I have driven a few short distances. To be honest I’m still not entirely happy. I don’t know whether it’s in my head, my new glasses or indeed whether these drugs have a sort of half life and take some time to completely decay. I cannot really describe the experience but things like reversing out of a carpark really tax my brain. I have to crawl so slowly it’s embarrassing and very uncool for a virile male like me.

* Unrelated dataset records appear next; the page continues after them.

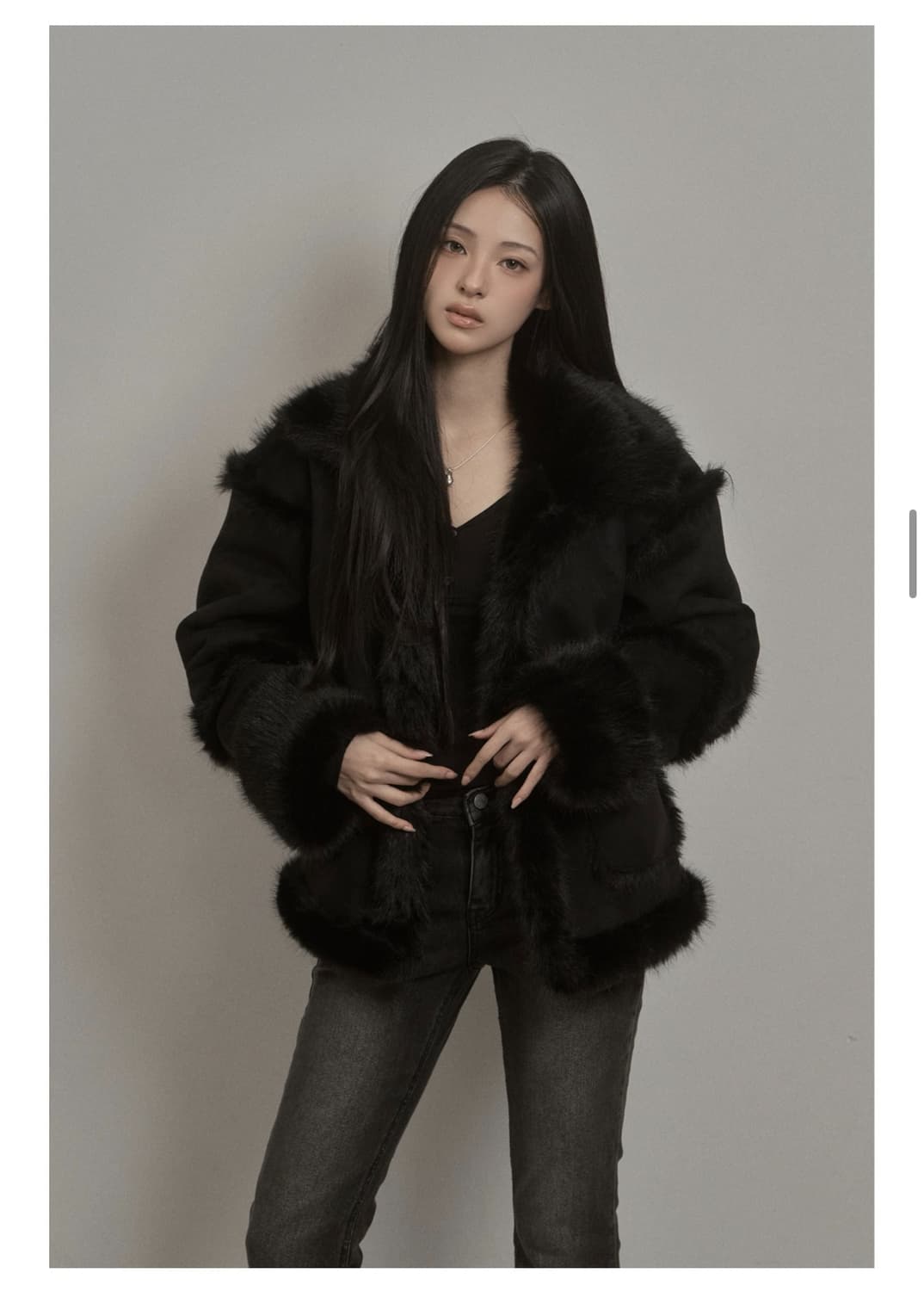 카키포인트 무스탕 블랙 새상품 상품이미지1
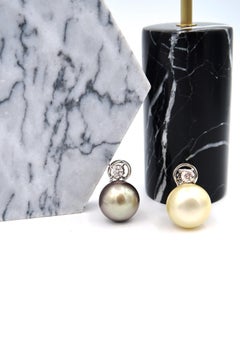Non-Pierced Mismatched Simple Diamond Gold South Sea Tahitian Pearl Clip Earring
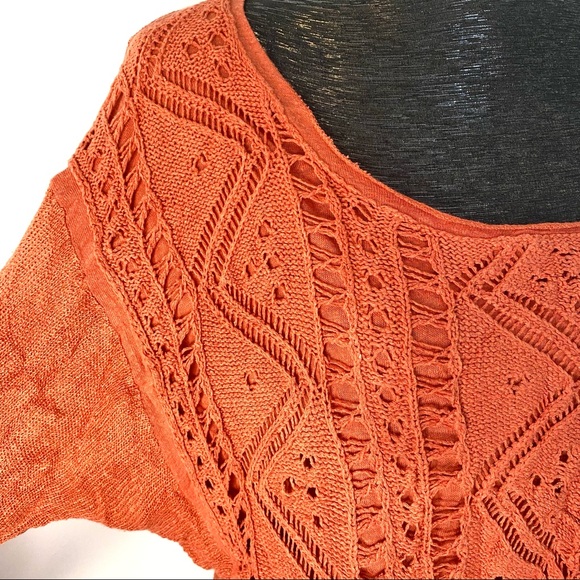 L/XL Anthropologie MOTH Knit Overlay High Low Sweater - Picture 5 of 14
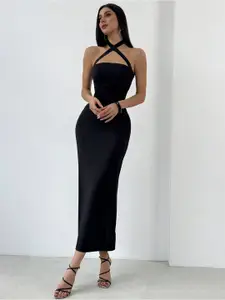 StyleCast Women Halter Neck Bodycon Maxi Dress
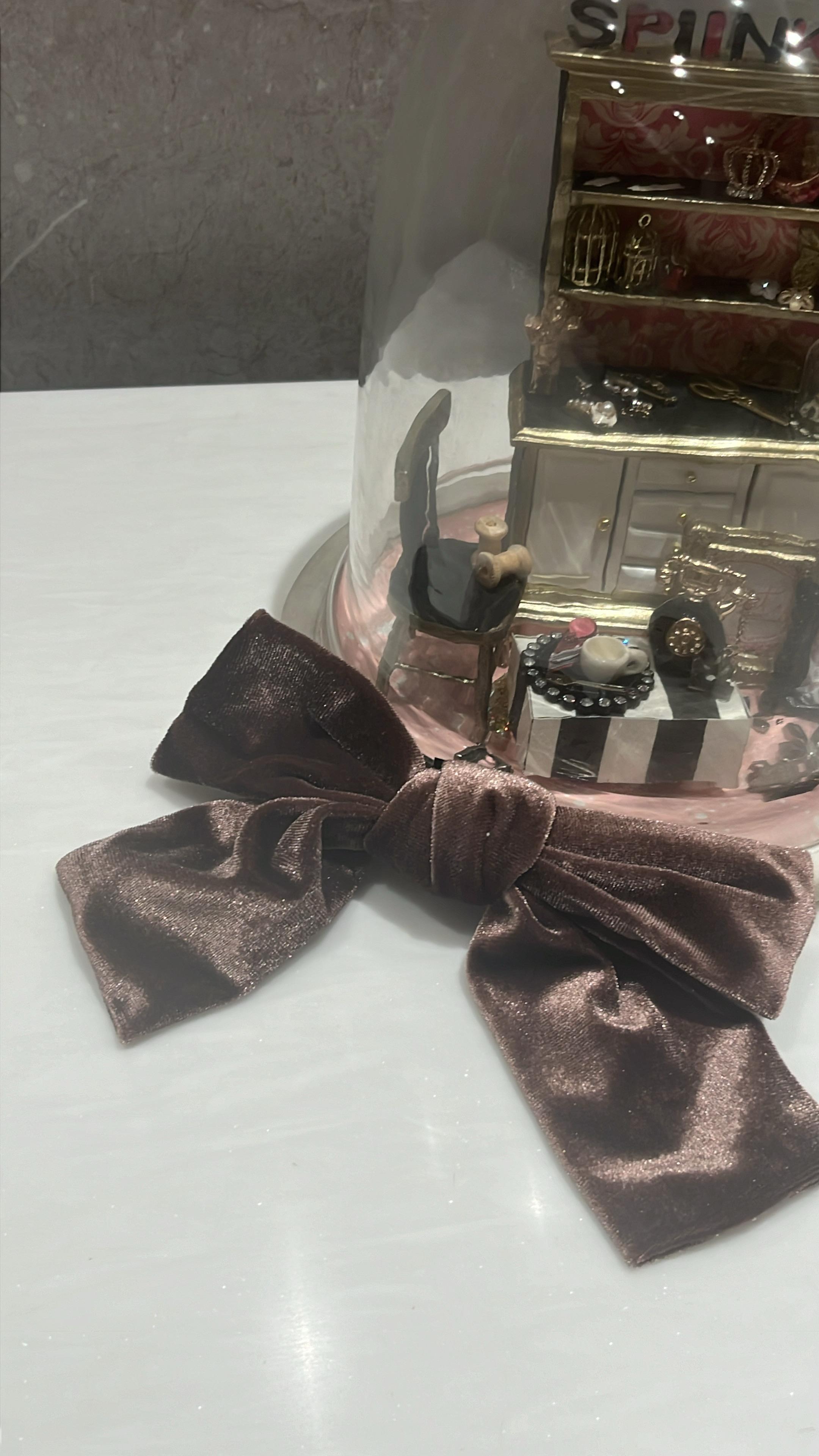 Brown Velvet Hair Bow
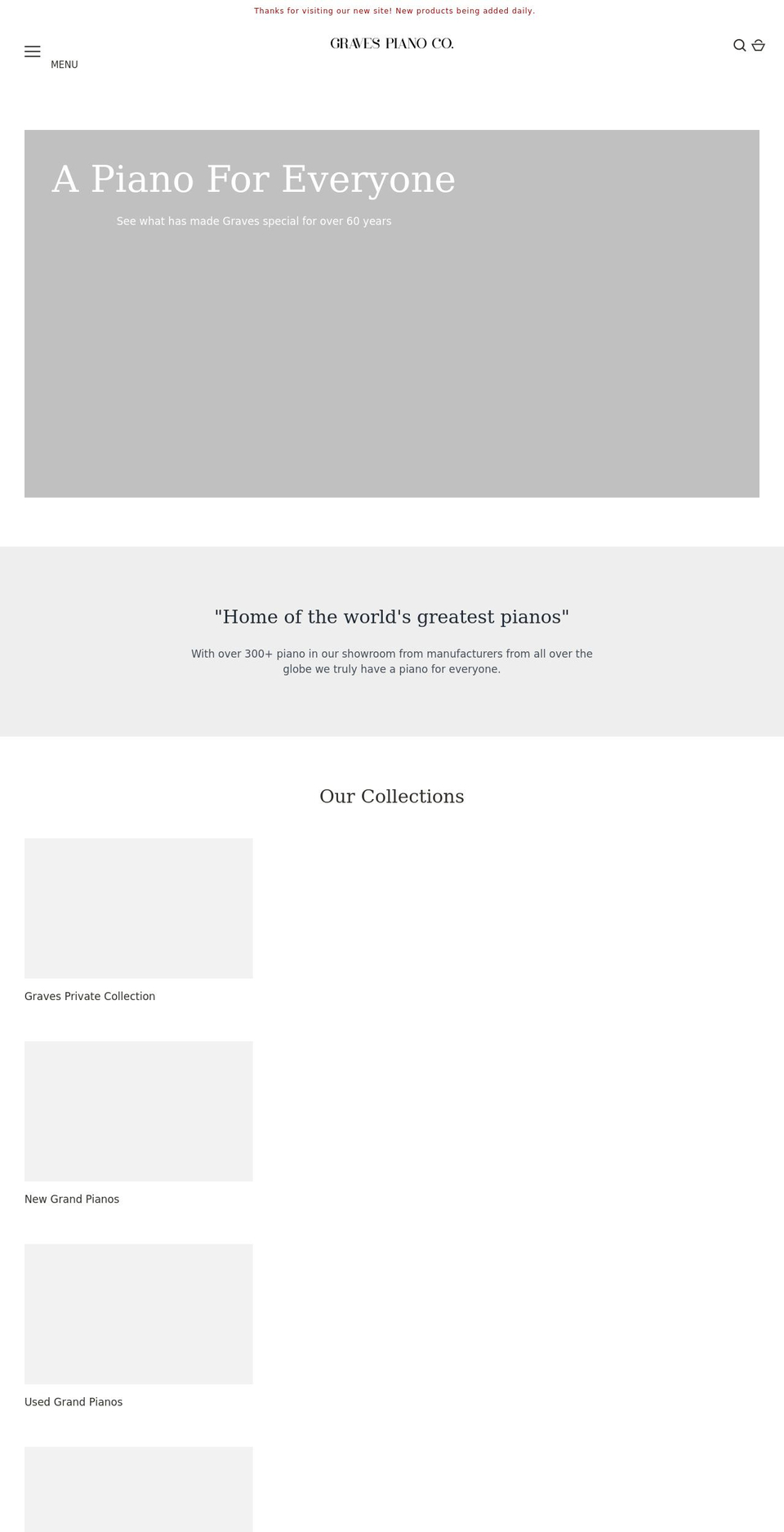gravespianos.com shopify website screenshot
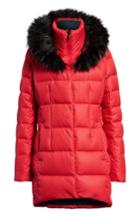 Women's The North Face Hey Mama Water Repellent 550 Fill Power Down Parka With Faux Fur Trim - Red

So long since I have been outraged, what has happened. Ah yes, the phone box obsession.

Here’s an outrage.

The Tory smugness is driving me mad. Let’s be clear what they mean – the only people they care about are hard-working (whatever that means – nothing!), property owning, aspirational, do-gooding, family making – tosspots! Who wants to have anything to do with that sort of person. This country is drowning in them – send them back to where they belong I say, in Volvo wheeled, Barrett boxed, ‘my child is doing after-school-D-of E-poor people-caring-classes, French chalky Teal – container ships bound for somewhere bijou in Normandy. Grr. As I have said many times being a hard-working member of the mediocrity is a crime against the human spirit not a virtue. Long live Teresa May, at least she sings the Tory theme song at full voice and shoots herself in the foot at the same time. They are not all evil dudes nor is every socialist a nice dude but the essential message of conservatism (let’s forget the conservatives for a moment) is always one of conformity. It celebrates enterprise only if that enterprise is targeted at reinforcing some version of the status quo. I suppose the horrifying thing is that that’s what most people want – especially me.

Forgive me if I am repeating myself but when will I learn a basic rule of fixing technology. I spent several days trying to fix a MIDI communication problem between the phone box and the house. The signal kept coming and going. Needless to say I worked on all the hard things first. Laboriously tracing data paths and drivers and everything dense and tricky that I KNEW would be causing the problem. What I discovered 3 days later was that every one of my terminals (miniature binding posts) had been made inaccurately and a tiny sliver of plastic was interrupting the signal periodically. A few strokes of a nail file later and problem solved. THREE DAYS THOUGH? Rule: check – is it plugged in, switched on, is the battery flat is the cat sitting on something important, before reaching for a screwdriver or tinkering with the code, or as all Microsoft users will know, the dreaded, downloading a new driver.

So I have passed some time. I can complete my make-up routine and prepare myself for a probing from John. I was listening to Julian Clarey yesterday. So funny.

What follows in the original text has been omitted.